Published 1:30 am Friday, January 20, 2017

A 35-year-old man is being held in jail on $100,000 bail for allegedly threatening to give out the address of the Oak Harbor city attorney to “rapists and the sickest violent offenders,” according to court documents.

After making the alleged threat, Jeremy Dawley, an Oak Harbor resident, filed a public records request with the city, asking to review records of people who committed violent offenses and sexual assaults.

Prosecutors charged Dawley in Island County Superior Court last week with two counts of intimidating a public servant, which carry a standard sentencing range of three to eight months in jail.

In her Jan. 11 report on the case, Officer Lisa Powers-Rang wrote that Dawley called 911 a total of 124 times over the prior nine months to report traffic, animal and public assist complaints.

Powers-Rang wrote that Dawley’s behavior escalated over the prior month and that he has become a risk to the community.

On Jan. 8, officers responded to a traffic complaint from Dawley, who was walking through town with his dog. Dawley became agitated and warned an officer not to get out of his car or his dog would attack.

The officer responded that he would be forced to shoot the dog if it attacked.

The next day, Dawley called the dispatch center and reported that the officers placed him in “an ambush situation” and threatened to shoot his dog. He called multiple times the following days and left agitated messages, the police report said. Dawley told a dispatcher that he would look up the officers’ houses on Facebook and “enforce the laws at their houses,” the police report alleges.
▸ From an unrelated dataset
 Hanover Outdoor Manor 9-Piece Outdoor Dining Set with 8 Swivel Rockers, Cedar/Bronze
He also left a rambling message with the Oak Harbor Police Chief Kevin Dresker.

Dresker and Powers-Rang called Dawley back and put him on speaker phone. Dawley said he could do a records request and get the home addresses of the chief, the major and the police chief. Dawley allegedly said he would give out the city attorney’s personal information to rapists and violent offenders; he threatened to give the chief’s personal information to jaywalkers, the report states. He told them it was not threatening to look up the personal information and disseminate it to whoever he wants.

During the rambling conversation, Dawley told the officers that he has a sniper rifle; he also said he knows how to deal with motion sensor lights and would be able to cover them and enter through a window, Powers-Rang wrote.
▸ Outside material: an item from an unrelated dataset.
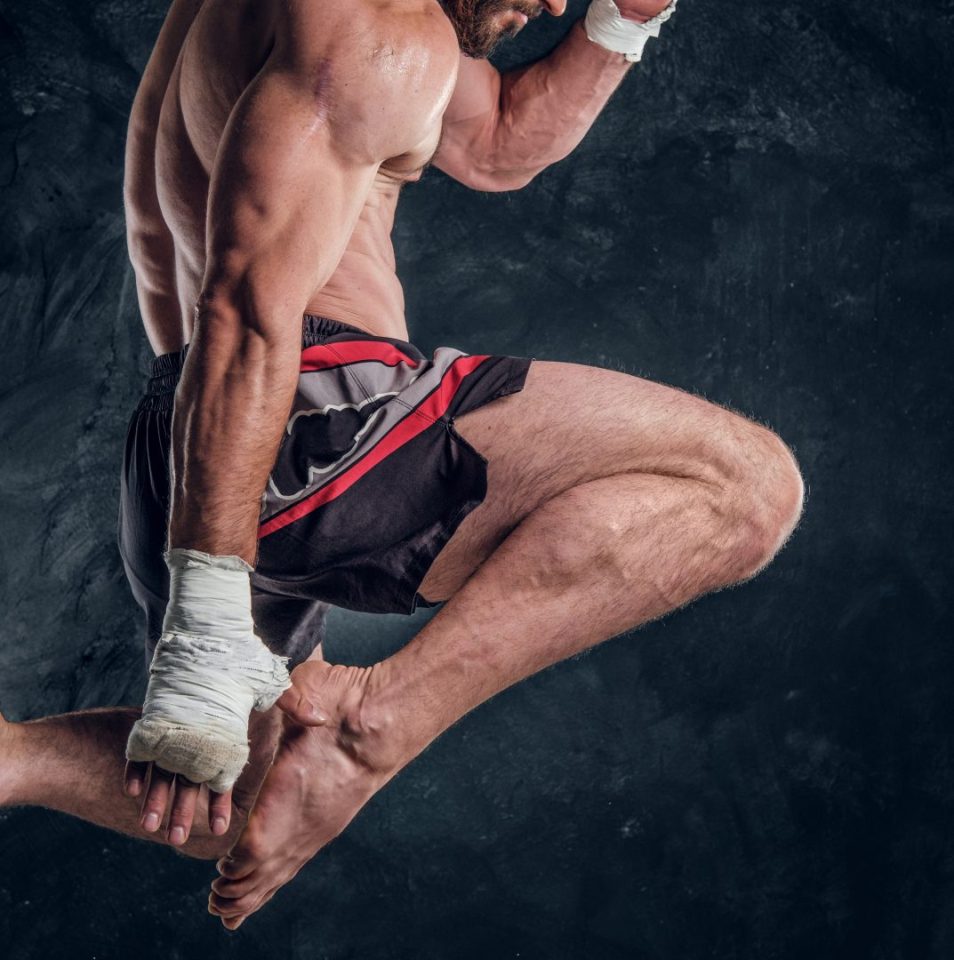 focused-physically-fit-man-is-jumping-making-illusion-flight-before-punch-dark-studio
In a later conversation with the city attorney, Dawley told her that he is a law abiding citizens, not a murderer, and is not “going after you guys,” the officer wrote.
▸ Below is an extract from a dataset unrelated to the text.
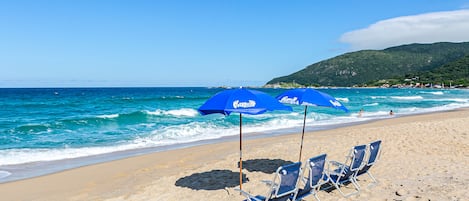 På stranden, vit sandstrand, parasoller och strandhanddukar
She asked him about the comments he made to the chief about her personal information; he said he wasn’t going to give her address to pedophiles but felt others in the community would like to know her whereabouts, her picture and pictures of her children.

“Dawley further mentions that speaking hypothetically that he would do a direct mailer to the pedophiles, the rapists and the violent offenders and have them sent to her house,” Powers-Rang wrote.

On Jan. 10, Dawley went to the police station and filled out a public records request form. He wrote that he wished to review records of violent offenders, including those who committed sexual assaults.

Dawley walked across the street to City Hall and went into the legal department, where staff members hit the panic alarm. A detective arrived and arrested Dawley on suspicion of intimidating a public servant.

Dawley’s attorney could not be reached for comment.